Il partito di Togliatti

Togliatti nacque politicamente all’ombra del suo compagno Gramsci, fu certamente un fine intellettuale, non certo un uomo d’azione, tanto che nel ’22, sfuggito per miracolo alle squadracce fasciste, si eclissò per un lungo periodo; solo un richiamo dalle colonne dell’Unità lo fece tornare agli onori del mondo.

In seguito riuscì a sfuggire all’arresto perché si trova a Mosca.  Conoscendo Stalin, gli anni a Mosca furono di assoluta fedeltà ad un dittatore sempre più paranoico nei confronti di possibili dissidenti. Difficile dare giudizi umani (quello politico è ben altra cosa). Al suo posto, forse avrei fatto come lui poiché, fuori dalla protettiva Unione Sovietica, ammesso che  fosse riuscito di uscirne, la vita sarebbe stata assai problematica. Un saggio della sua fedeltà (e connivenza), lo diede in Spagna come inviato di Mosca nella guerra civile, avallando la liquidazione di tutti coloro che criticavano la strategia sovietica. Togliatti tornò in Italia nel ’43, momento in cui il centro-sud era stato liberato dagli alleati, non partecipò alla Resistenza ma si insidiò a Salerno e non v’è dubbio che fosse il proconsole di Stalin. Altri esponenti della dirigenza del PCI videro nella guerra civile il consolidamento del partito, che fino ad allora poteva contare su  un piccolo consenso nel Paese. La fedeltà di Togliatti durò oltre la destalinizzazione e arrivò persino a criticare la svolta Krusceviana. Si riscattò in parte con il testamento di Yalta e mi pare francamente poco. Va detto che nel mondo comunista italiano attuale si parla poco ormai di Togliatti, sostituito nel mito dall’inconsistente (politicamente) Berlinguer e naturalmente da un Gramsci assurto a nume tutelare, penso per la mancanza di altri padri fondatori autorevoli.

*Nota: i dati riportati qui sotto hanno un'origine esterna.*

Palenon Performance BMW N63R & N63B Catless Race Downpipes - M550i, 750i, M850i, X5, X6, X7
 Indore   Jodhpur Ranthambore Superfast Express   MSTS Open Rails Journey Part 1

Le responsabilità sul fascismo

A mio parere non sono gravi come quelle socialiste solo perché gli avvenimenti riguardano soprattutto il periodo tra il ‘19 e il ‘21, periodo in cui i futuri comunisti furono solo comprimari anche se, come nel caso degli ordinovisti, ben partecipi. Dal ‘21 all’instaurazione della dittatura nel ‘25, il Partito Comunista non ebbe molte possibilità di fare danni; era un partitino di “duri e puri” con una forza elettorale limitata, per di più con i suoi principali dirigenti in semi clandestinità o in quel di Mosca. Fu il massimalismo in generale, di cui i futuri comunisti furono parte attiva, ad avere le maggiori responsabilità nell’ascesa del massimalista di vecchia data Mussolini. Tutti loro  predicavano la rivoluzione in un Paese dove non ne esistevano le condizioni e nel contempo non disdegnavano il comodo parlamentarismo. Contemporaneamente ci fu l’eclissi riformista, in parte anche causata dalla debolezza dei suoi dirigenti e in particolare di un Turati, grande intellettuale e onest’uomo, ma non altrettanto leader capace di guidare con polso fermo e decisioni rapide, quel riformismo socialista, l’unico in grado allora di dare alle sinistre prospettive realistiche (come nel Regno Unito). Se al congresso di Reggio Emilia Turati non avesse fatto una debole difesa di Bissolati, ma avesse tratto la conclusione che ormai in quel partito la via riformista era impraticabile, forse la storia del nostro Paese sarebbe stata altra. Ci proverà Saragat nel ‘48, impedendo la vittoria dello sciagurato “Fronte Popolare”, creando un partitino costretto alle origini socialiste ma orbitante nell’area democristiana. Nel ‘19 ci fu una grande affermazione socialista, accompagnata da una ancor più sorprendente affermazione dei cattolici popolari. Quella poteva essere l’ultima chance della sinistra di far vincere i buon senso, si avallarono invece le follie operaiste che scatenarono il biennio rosso e a ruota l’occupazione delle fabbriche, aprendo un’autostrada all’allora instabile Mussolini, che si affrettò a trasformare il suo Movimento Fascista nel “Partito dei produttori”. Certo, le responsabilità dell’avvento del fascismo furono molteplici, compreso il vezzo italiano per la demagogia, oltre a quello di salire sul carro del vincitore.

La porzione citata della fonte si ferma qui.